Plotters: SS chief Heinrich Himmler with
Max Faust, engineer with Nazi-backed
company I. G. Farben
The
three-page, closely typed report, marked
'Secret', copied to British officials and
sent by air pouch to Cordell Hull, the US
Secretary of State, detailed how the
industrialists were to work with the Nazi
Party to rebuild Germany's economy by
sending money through Switzerland.
They would set up a
network of secret front companies abroad.
They would wait until conditions were right.
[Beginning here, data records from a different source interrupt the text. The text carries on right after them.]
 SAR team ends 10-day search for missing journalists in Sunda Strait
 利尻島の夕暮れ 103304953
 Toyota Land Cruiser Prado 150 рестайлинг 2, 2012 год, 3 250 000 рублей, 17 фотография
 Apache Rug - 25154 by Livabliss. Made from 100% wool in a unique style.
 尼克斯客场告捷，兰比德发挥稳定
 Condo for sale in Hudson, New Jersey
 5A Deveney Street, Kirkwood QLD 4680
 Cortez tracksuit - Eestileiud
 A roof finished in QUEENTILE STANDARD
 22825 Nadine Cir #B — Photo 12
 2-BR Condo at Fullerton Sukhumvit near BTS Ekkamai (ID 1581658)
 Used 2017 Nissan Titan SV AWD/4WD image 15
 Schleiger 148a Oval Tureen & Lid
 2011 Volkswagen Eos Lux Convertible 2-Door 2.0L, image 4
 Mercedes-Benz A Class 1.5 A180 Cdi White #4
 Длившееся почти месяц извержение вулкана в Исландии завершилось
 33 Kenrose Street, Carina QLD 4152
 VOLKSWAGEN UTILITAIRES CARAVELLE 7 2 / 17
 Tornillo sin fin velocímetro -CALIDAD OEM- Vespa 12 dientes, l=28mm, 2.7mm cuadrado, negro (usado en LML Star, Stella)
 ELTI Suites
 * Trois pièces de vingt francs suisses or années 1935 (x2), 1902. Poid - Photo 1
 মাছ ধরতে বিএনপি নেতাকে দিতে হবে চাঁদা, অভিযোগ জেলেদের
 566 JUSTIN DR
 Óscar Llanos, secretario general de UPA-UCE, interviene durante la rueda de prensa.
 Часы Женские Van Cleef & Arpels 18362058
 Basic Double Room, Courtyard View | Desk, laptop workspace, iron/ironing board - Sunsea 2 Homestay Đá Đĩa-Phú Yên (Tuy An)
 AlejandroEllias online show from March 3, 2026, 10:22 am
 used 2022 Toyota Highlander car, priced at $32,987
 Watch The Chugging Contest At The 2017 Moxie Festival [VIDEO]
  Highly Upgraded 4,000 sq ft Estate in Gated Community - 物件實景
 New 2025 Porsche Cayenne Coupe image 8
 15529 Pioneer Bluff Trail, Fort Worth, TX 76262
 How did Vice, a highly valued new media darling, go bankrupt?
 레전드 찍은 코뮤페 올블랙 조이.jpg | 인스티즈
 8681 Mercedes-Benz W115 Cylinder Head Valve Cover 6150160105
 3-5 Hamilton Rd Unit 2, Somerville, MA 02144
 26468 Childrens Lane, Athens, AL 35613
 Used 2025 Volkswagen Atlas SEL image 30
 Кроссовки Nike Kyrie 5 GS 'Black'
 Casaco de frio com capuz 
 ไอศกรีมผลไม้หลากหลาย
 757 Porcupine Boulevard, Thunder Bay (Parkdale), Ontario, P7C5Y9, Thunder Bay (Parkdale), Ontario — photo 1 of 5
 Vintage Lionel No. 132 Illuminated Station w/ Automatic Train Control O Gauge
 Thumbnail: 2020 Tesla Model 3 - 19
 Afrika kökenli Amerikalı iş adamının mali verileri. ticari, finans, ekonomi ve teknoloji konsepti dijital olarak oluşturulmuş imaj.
And then they would take over Germany again.
The industrialists
included representatives of Volkswagen,
Krupp and Messerschmitt. Officials from the
Navy and Ministry of Armaments were also at
the meeting and, with incredible foresight,
they decided together that the Fourth German
Reich, unlike its predecessor, would be an
economic rather than a military empire - but
not just German.
The Red House Report,
which was unearthed from US intelligence
files, was the inspiration for my thriller
The Budapest Protocol.
The book opens in 1944 as
the Red Army advances on the besieged city,
then jumps to the present day, during the
election campaign for the first president of
Europe. The European Union superstate is
revealed as a front for a sinister
conspiracy, one rooted in the last days of
the Second World War.
But as I researched and
wrote the novel, I realised that some of the
Red House Report had become fact.
Nazi Germany did export
massive amounts of capital through neutral
countries. German businesses did set up a
network of front companies abroad. The
German economy did soon recover after 1945.
The Third Reich was
defeated militarily, but powerful Nazi-era
bankers, industrialists and civil servants,
reborn as democrats, soon prospered in the
new West Germany. There they worked for a
new cause: European economic and political
integration.
Is it possible that the
Fourth Reich those Nazi industrialists
foresaw has, in some part at least, come to
pass?
The Red House Report was
written by a French spy who was at the
meeting in Strasbourg in 1944 - and it
paints an extraordinary picture.
The industrialists
gathered at the Maison Rouge Hotel waited
expectantly as SS Obergruppenfuhrer Dr
Scheid began the meeting. Scheid held one of
the highest ranks in the SS, equivalent to
Lieutenant General. He cut an imposing
figure in his tailored grey-green uniform
and high, peaked cap with silver braiding.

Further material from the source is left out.